• _DATA RECORDS_:

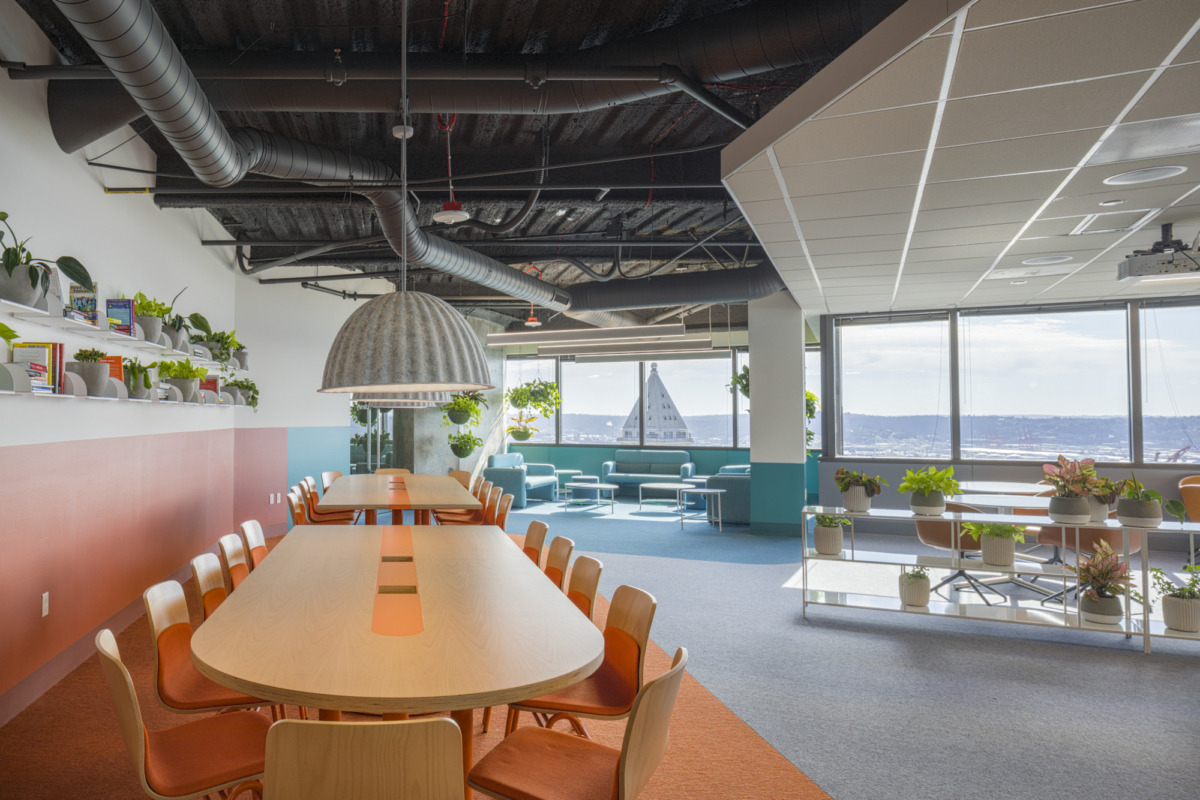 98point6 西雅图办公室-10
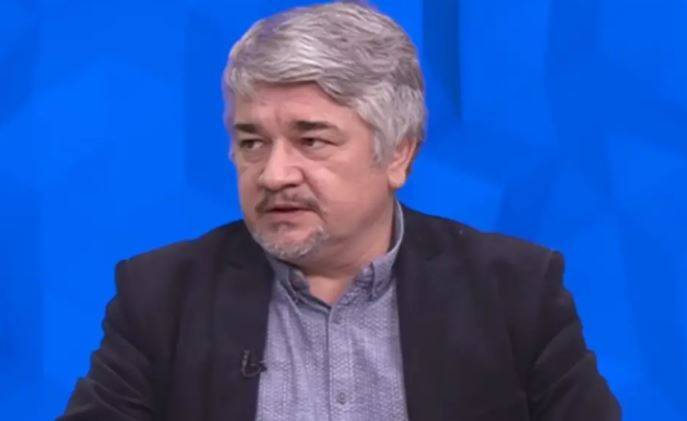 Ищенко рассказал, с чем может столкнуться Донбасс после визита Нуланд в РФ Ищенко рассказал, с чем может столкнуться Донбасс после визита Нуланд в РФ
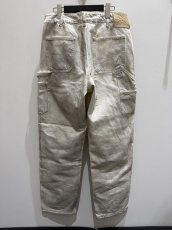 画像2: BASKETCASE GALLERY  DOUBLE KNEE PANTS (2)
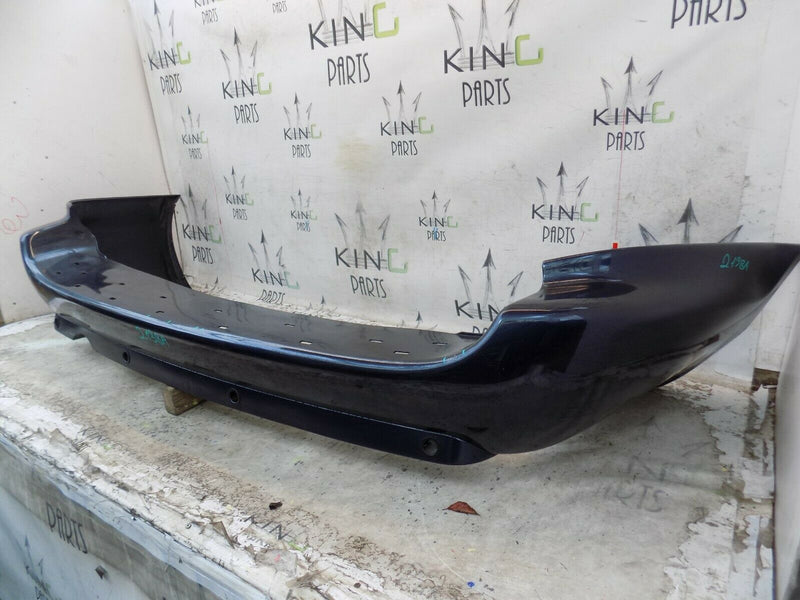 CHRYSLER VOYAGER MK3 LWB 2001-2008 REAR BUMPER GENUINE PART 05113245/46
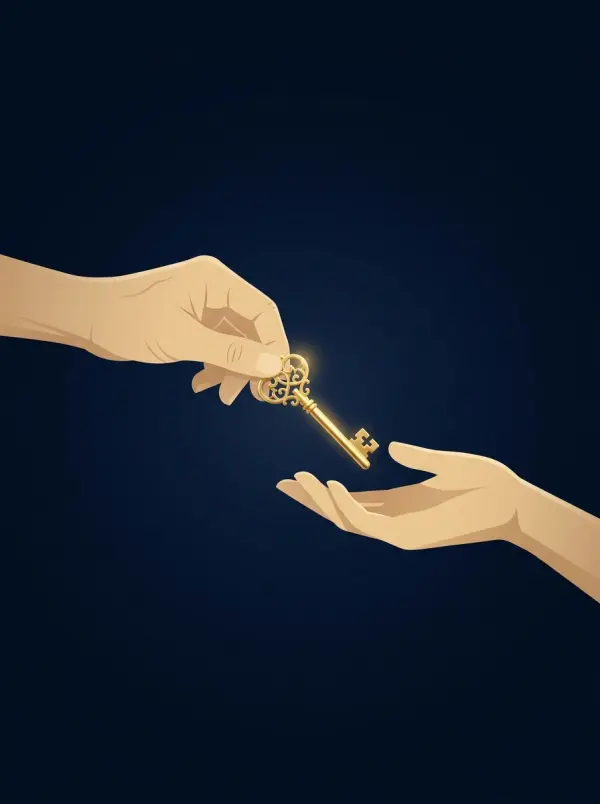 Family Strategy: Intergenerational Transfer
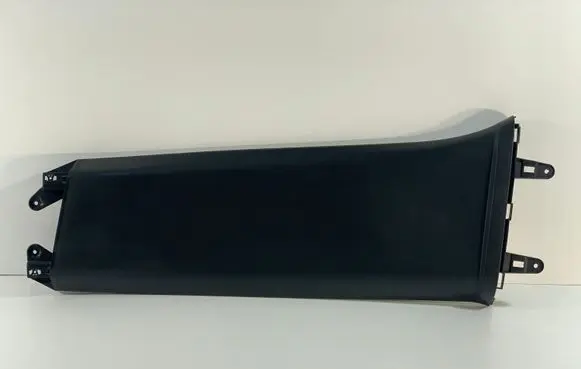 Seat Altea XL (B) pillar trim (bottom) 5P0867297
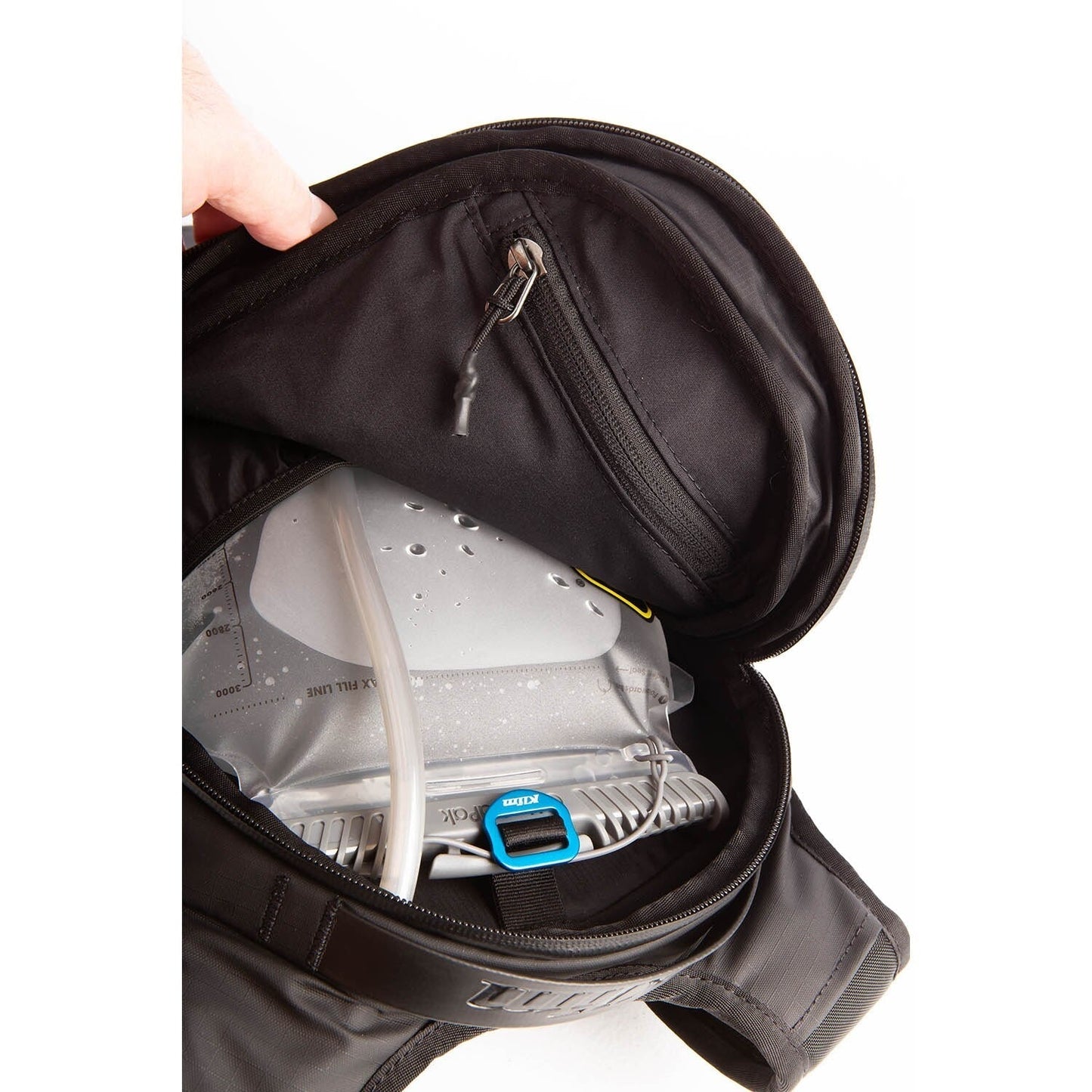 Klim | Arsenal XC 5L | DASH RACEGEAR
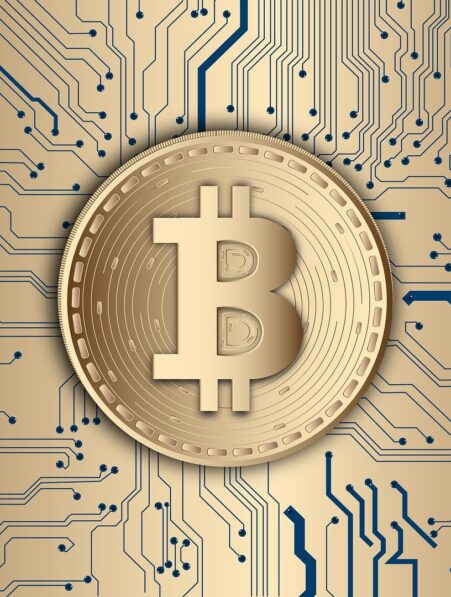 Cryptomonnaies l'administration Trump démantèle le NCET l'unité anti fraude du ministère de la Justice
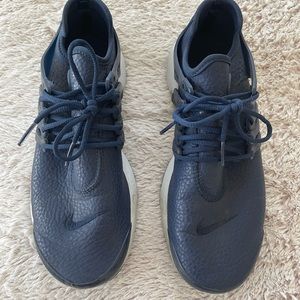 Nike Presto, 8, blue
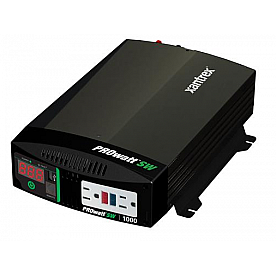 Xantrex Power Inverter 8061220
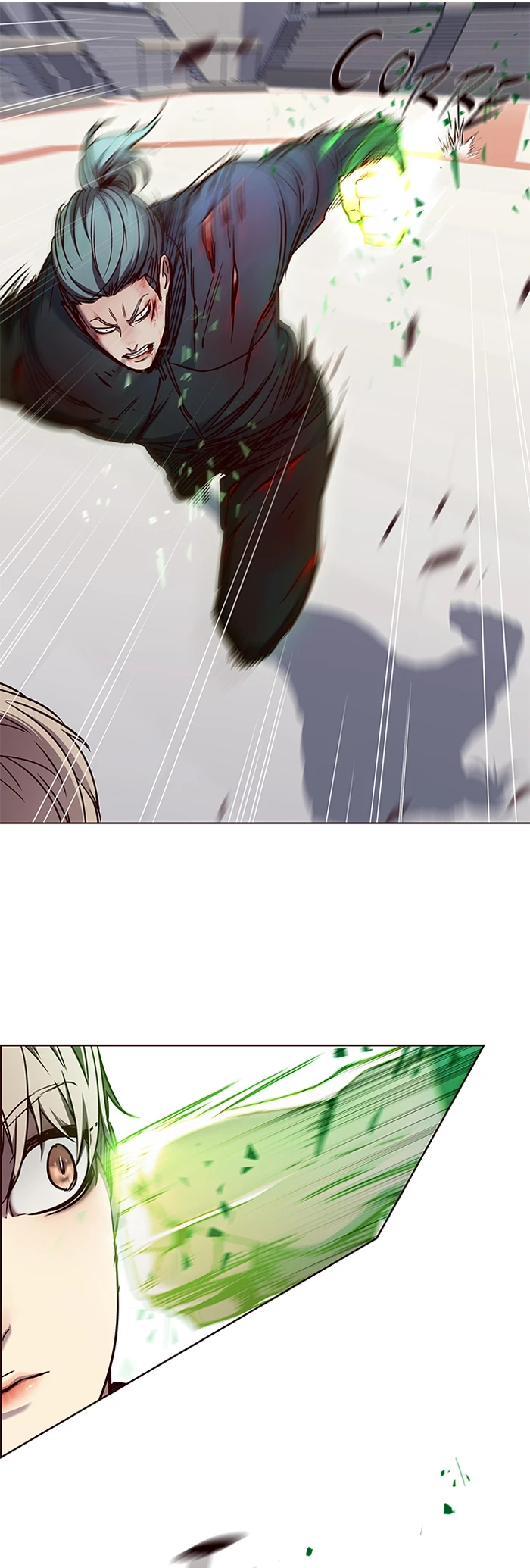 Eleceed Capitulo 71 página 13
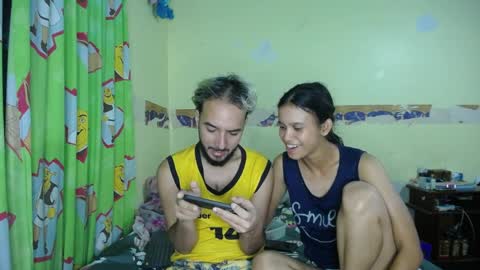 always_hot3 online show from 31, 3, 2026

• _PROBLEM TO WORK ON_: Could you copy the lines above exactly and skip the images?

• _RESPONSE FOR THIS EXERCISE_:
 98point6 西雅图办公室-10
 Ищенко рассказал, с чем может столкнуться Донбасс после визита Нуланд в РФ Ищенко рассказал, с чем может столкнуться Донбасс после визита Нуланд в РФ
 画像2: BASKETCASE GALLERY  DOUBLE KNEE PANTS (2)
 CHRYSLER VOYAGER MK3 LWB 2001-2008 REAR BUMPER GENUINE PART 05113245/46
 Family Strategy: Intergenerational Transfer
 Seat Altea XL (B) pillar trim (bottom) 5P0867297
 Klim | Arsenal XC 5L | DASH RACEGEAR
 Cryptomonnaies l'administration Trump démantèle le NCET l'unité anti fraude du ministère de la Justice
 Nike Presto, 8, blue
 Xantrex Power Inverter 8061220
 Eleceed Capitulo 71 página 13
 always_hot3 online show from 31, 3, 2026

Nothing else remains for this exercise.